The priory church survived the dissolution of the monasteries because it was also a parish church. After decline in the post-dissolution centuries the church was restored in the 19th century. It is a grade I listed building in the care of English Heritage. Little survives of the other monastic structures, on the site of which a manor house, just south of the church, now stands.

Early history
Brinkburn was founded by William Bertram, Baron of Mitford, in the reign of Henry I as an Augustinian priory. The exact date is not known but cannot have been later than 1135, as Henry died that year. About 1180 or so, Brinkburn became an independent house, and the building of the monastic church was commenced. The architectural style has been described as "transitional" (i.e. between Norman and Gothic).

Although the Priory acquired lands in Northumberland and Durham over the years it was never particularly wealthy. Little is known of the early history of the priory, although it is known that it survived some difficult times. In fact, as late as 1419 it was raided and robbed.

Dissolution
Brinkburn Priory was dissolved in 1536 after Parliament enacted the Dissolution of the Lesser Monasteries Act. The "lesser monasteries" were those with an income of less than £200 per annum, and Brinkburn fell into this category as in 1535 the priory's value had been recorded as £69 in the Valor Ecclesiasticus. After the dissolution the estate was mainly owned by the Fenwick family, and in the late 16th century they built a manor house just south of the priory church, on the site of some of the other priory buildings.

Services continued to be held at Brinkburn, and the church was retained in a fair state of repair till the end of the 16th century. In 1602 it was reported to be in a state of decay, and at some point before 1700 the roof collapsed and regular services were abandoned.

Modern history

Church
In the 1750s Thomas Sharp, Archdeacon of Northumberland, tried to effect repairs to the ruin. Although there was considerable support for the project, work was called off after a dispute between the owner William Fenwick and the Vicar of Felton.

In the 19th century the Cadogan family, owners of Brinkburn, revived the plans for the restoration of the church and work began in 1858. The roof was completed in the space of a year, and the stained glass windows had been inserted by 1864. The church, however, was not furnished until 1868. Brinkburn Priory today is a sympathetic 19th-century restoration of the mediæval original.

The tombstone of Prior William, Bishop of Durham (died 1484) was found during the reconstruction, as was the original altar stone with five crosses.
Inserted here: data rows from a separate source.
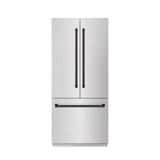 ZLINE Autograph Edition 36 in. 19.6 cu. ft. French Door Built-In Bottom Freezer Refrigerator with Water Dispenser and Ice Maker in DuraSnow' Stainless Steel with Graphite Gray Interior and Matte Black Accents (GRBIVZ-SN-36-MB)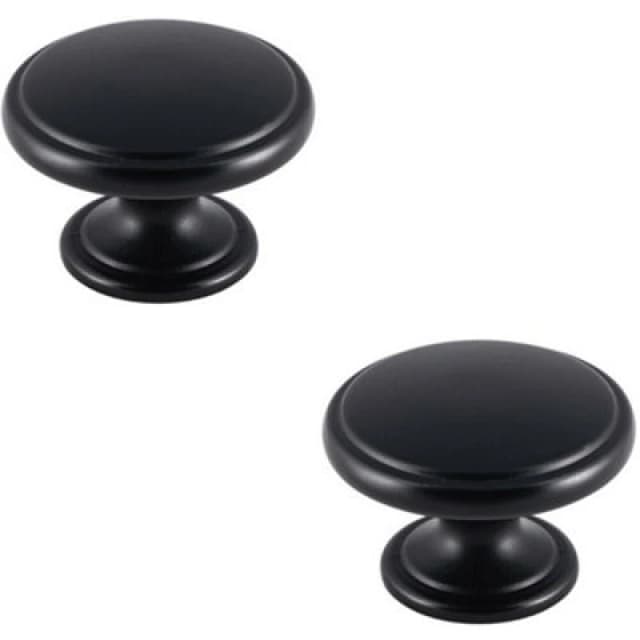 Loops 2x Ring Domed Cupboard Door Knob 38.5mm Diameter Matt Black Cabinet Handle Black unisex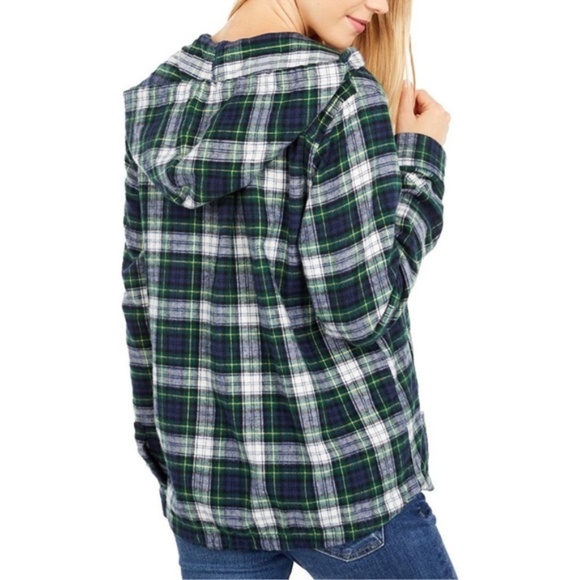 LL Bean Hooded Flannel Zip-up Women's Size L - Picture 4 of 8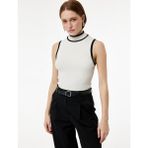 Koton Kontrast Renk Detaylı Slim Fit Dik Yaka Kolsuz Triko Bluz - Ekru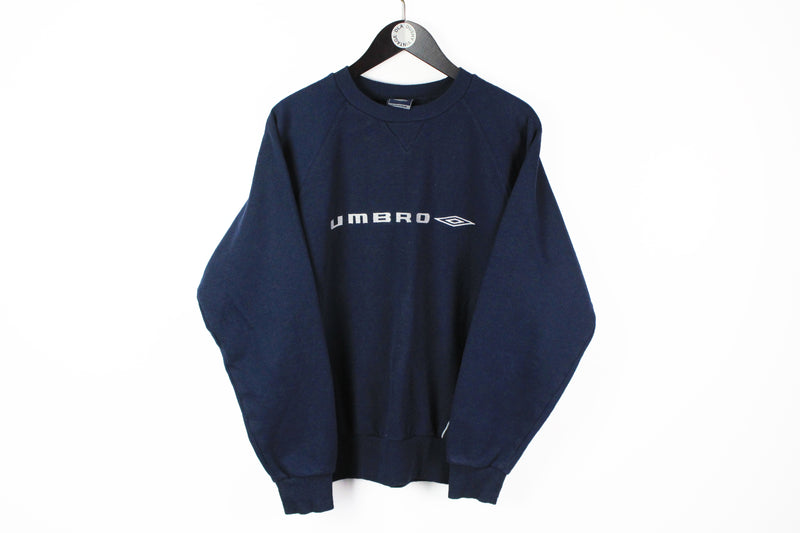 Vintage Umbro Sweatshirt Medium navy blue big logo 90s crewneck UK style jumper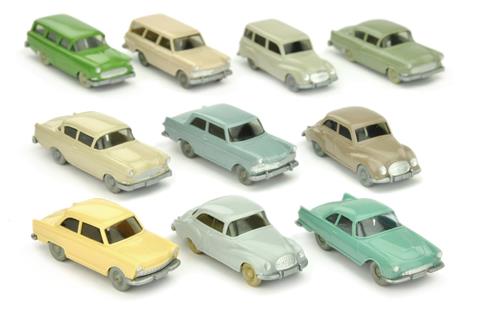 Konvolut 10 Opel-/DKW-PKW der 60er Jahre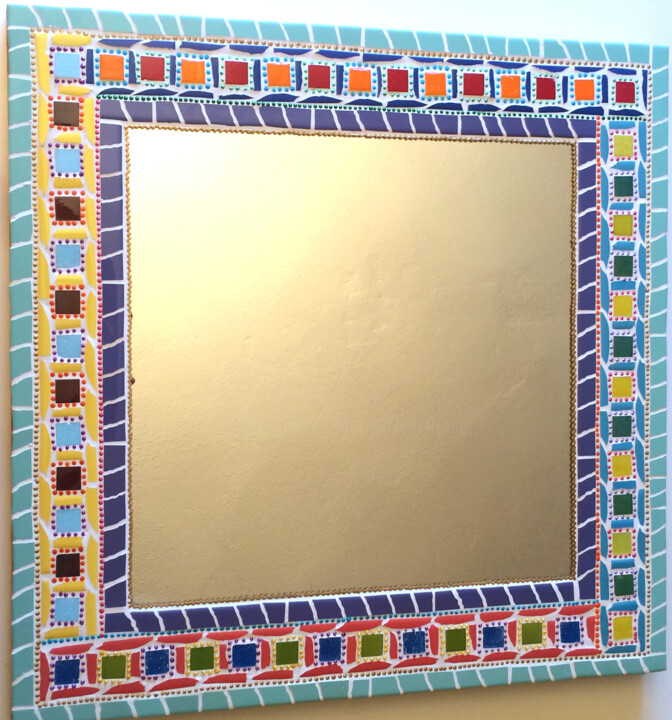 Design intitulée "miroir mosaïque gra…" par Odile Maffone, Œuvre d'art originale, Meuble Monté sur Panneau de bois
The latter is still preserved along with an ancient font.

Religious services are still occasionally held here. It has also been a venue for concerts, notably the Brinkburn Festival which was directed by Paul McCreesh.

Other buildings
The manor house, which utilises part of the vaulted undercroft to the monks' dining hall, presents a nineteenth-century appearance. It is a grade II* listed building.

Brinkburn Mill, once part of the Priory precinct, was rebuilt in the nineteenth century. It was refurbished in 1990 by the Landmark Trust.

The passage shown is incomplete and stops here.